Israel freed 500 Palestinian prisoners in a good-will gesture yesterday, a day after the government gave final approval to a pullout from Gaza and a revised route of the West Bank separation barrier that would encompass at least 6 percent of land claimed by the Palestinians for a future state.
With the historic Cabinet vote, Israel began charting its final borders, bypassing negotiations and angering the Palestinians. Prime Minister Ariel Sharon said the decision to leave Gaza and four settlements in the northern West Bank was the hardest he ever made, but would ensure a better future for Israel.
Sharon signed an order saying Israeli civilians would have to leave the areas slated for evacuation by July 20. Those remaining would be removed by force over a period of two months. Settler leaders have pledged not to leave voluntarily, and security officials are bracing for violent confrontations.
In the West Bank,Palestinian leader Mahmoud Abbas won the backing of his Fatah movement for a new 24-member Cabinet after a stormy debate, clearing the way for approval of the new ministers by parliament later yesterday.
The release of Palestinian prisoners was one of the gestures Sharon agreed to at his summit with Abbas earlier this month in Egypt. Convoys of buses carrying shackled inmates left Israel's desert prison camp of Ketziot around dawn Monday, heading for five drop-off points on the edges of the West Bank and Gaza Strip, military officials said. Those freed had not been involved in attacks on Israelis.
Israel has promised to release another 400 prisoners within the next three months. A joint Israeli-Palestinian ministerial committee will decide which prisoners will be released in the second round. Israel is resisting Palestinian demands to free those serving long terms, including for attacks on Israelis.
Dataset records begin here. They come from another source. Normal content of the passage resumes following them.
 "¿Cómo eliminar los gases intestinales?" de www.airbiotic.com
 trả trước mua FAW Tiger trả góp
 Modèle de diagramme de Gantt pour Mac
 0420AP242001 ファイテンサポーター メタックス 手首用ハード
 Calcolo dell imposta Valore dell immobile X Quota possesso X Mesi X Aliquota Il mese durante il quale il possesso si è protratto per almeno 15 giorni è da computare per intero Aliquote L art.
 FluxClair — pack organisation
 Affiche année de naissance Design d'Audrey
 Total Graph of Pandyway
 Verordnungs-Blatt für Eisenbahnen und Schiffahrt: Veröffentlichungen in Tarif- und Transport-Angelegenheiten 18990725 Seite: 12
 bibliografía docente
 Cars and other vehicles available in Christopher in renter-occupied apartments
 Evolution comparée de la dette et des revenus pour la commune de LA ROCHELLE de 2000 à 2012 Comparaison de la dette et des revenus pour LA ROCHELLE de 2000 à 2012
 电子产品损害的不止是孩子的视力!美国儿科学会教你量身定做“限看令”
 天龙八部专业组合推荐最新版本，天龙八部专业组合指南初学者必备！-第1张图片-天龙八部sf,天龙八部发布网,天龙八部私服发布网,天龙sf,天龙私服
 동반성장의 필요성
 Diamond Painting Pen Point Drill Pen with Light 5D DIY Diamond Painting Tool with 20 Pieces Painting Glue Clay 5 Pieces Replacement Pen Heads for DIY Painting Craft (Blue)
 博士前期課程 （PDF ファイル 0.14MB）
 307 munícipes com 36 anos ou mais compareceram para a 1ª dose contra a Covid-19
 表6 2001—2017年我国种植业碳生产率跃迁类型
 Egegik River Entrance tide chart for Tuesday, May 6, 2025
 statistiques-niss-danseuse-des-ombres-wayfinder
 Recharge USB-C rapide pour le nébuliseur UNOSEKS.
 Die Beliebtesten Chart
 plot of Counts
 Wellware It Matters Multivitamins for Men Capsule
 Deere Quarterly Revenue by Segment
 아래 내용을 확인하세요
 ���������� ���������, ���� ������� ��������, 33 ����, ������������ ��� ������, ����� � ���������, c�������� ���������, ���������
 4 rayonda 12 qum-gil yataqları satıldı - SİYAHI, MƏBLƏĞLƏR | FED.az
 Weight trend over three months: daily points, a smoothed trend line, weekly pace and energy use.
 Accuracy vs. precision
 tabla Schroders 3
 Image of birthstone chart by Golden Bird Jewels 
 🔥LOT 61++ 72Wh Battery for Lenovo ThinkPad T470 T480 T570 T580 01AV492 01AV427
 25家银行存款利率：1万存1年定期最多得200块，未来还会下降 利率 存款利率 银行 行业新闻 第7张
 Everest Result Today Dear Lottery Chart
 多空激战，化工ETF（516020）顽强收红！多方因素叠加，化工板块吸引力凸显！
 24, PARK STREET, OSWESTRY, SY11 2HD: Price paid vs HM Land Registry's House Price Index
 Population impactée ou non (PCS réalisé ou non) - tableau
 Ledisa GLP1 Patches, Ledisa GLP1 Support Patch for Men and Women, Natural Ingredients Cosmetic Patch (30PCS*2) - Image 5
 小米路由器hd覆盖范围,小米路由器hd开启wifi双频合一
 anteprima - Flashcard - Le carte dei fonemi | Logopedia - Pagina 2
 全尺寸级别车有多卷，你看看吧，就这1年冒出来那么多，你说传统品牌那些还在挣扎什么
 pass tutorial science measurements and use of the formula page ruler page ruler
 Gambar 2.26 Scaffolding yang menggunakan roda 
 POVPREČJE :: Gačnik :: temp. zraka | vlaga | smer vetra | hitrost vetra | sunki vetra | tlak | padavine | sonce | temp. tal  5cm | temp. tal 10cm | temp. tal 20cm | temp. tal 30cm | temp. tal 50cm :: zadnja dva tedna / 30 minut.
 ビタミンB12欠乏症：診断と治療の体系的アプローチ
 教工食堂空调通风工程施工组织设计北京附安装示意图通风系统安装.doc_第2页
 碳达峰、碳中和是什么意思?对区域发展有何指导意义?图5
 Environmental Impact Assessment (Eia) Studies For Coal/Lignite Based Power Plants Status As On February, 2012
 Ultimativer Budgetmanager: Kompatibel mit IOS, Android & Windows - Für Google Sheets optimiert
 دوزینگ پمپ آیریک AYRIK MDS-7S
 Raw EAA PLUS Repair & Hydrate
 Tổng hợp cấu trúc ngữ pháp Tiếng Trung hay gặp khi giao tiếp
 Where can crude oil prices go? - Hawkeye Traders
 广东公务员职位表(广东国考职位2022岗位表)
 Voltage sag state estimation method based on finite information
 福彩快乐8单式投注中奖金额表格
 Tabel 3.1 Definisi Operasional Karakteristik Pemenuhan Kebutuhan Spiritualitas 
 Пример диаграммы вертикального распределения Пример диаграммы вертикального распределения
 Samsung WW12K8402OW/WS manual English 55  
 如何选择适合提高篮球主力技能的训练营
With Sunday's Cabinet vote, an Israeli government agreed for the first time since capturing the West Bank and Gaza in the 1967 Mideast war to dismantle some of the dozens of Jewish settlements it has built there.
However, in approving the route of the West Bank barrier, Israel acted unilaterally on what was to be a key issue in peace talks with the Palestinians, and signaled it will keep a chunk of prime West Bank land close to Jerusalem, including two large Jewish settlement blocs, Maaleh Adumim and Gush Etzion.
Several Cabinet ministers acknowledged that while the barrier was ostensibly built as a security shield, its route would help determine Israel's final borders with a Palestinian state. Sharon has said he wants to keep large West Bank settlement blocs in any future peace deal with the Palestinians.
Abbas has demanded that construction of the barrier be stopped.
Sharon, a former settler patron and the key proponent of Jewish settlement expansion during most of his political career, said leaving Gaza and parts of the West Bank was difficult. ``In all my years of service I have faced hundreds, if not thousands of decisions, some of them matters of life or death, but the decision on the disengagement plan was for me the hardest of all,'' he said late Sunday.
The Gaza withdrawal won approval from 17 Cabinet ministers, including eight from the moderate Labor Party. Five ministers from Sharon's ruling Likud Party, led by Sharon rival Benjamin Netanyahu, voted against the plan.
The Cabinet must still approve each of four evacuation stages, but even opponents said those votes are just a formality.
Even so, Jewish settler leaders said they have not given up. Pinchas Wallerstein, one of the leaders of the council of Jewish settlements, called on supporters to begin "an aggressive and strong struggle."